This should be true in a more general setting, but for simplicity consider billiards that are connected, compact subsets of the plane with boundary $C^2$ except at finitely many points. A ball (or a ray of light) rolls inside, going in straight lines, and upon collision with the wall, the orbit is reflected.
It is intuitive that a statement like the following is true:
For almost every billiard, there exists an orbit that is dense everywhere inside it.
However, as far as I know this is still open. In fact, the last thing I heard was that it had just been proven for the case in which the billiard was an obtuse triangle with certain restrictions (but I have since forgotten the source, unfortunately).

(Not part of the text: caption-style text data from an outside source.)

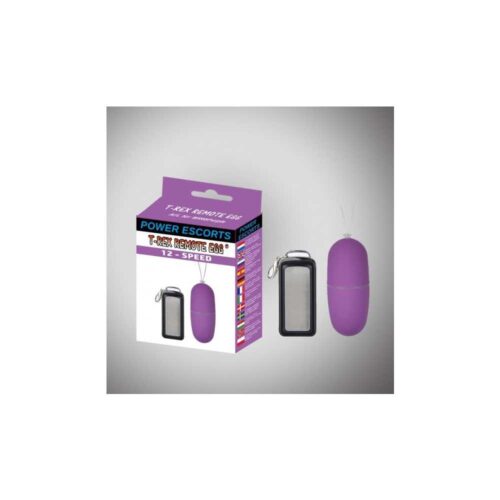 T-rex-remote-egg-purple-remote-control-egg-12-speed-E138427-1.jpg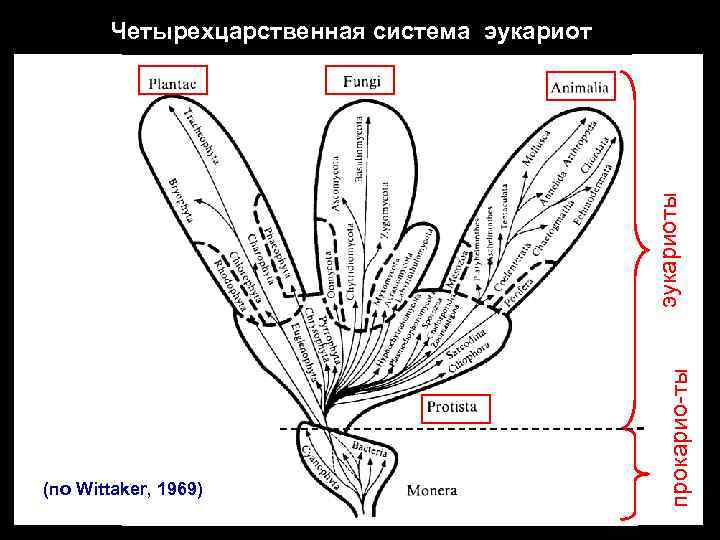 (по Wittaker, 1969) прокарио-ты эукариоты Четырехцарственная система эукариот 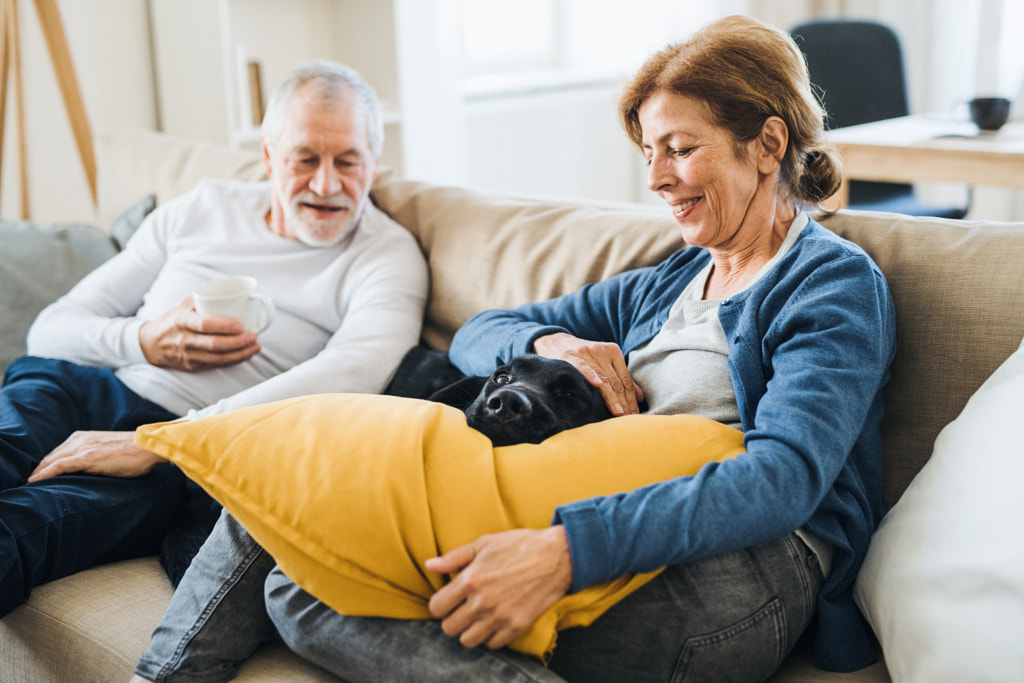 A happy senior couple sitting on a sofa indoors with a pet dog at home. by Jozef Polc on 500px.com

Question: What is the current status of the problem?
Thank you!
Clarification The question is not about rectangular billiard tables, but in general about the balls rolling in more general shapes. 'Almost always' would then have to be given a meaning within the space of curves. (In fact, the problem is trivial in rectangles because an orbit with irrational slope will do.) Also, this is not about having dense families of orbits, but a single orbit that is dense in the billiard.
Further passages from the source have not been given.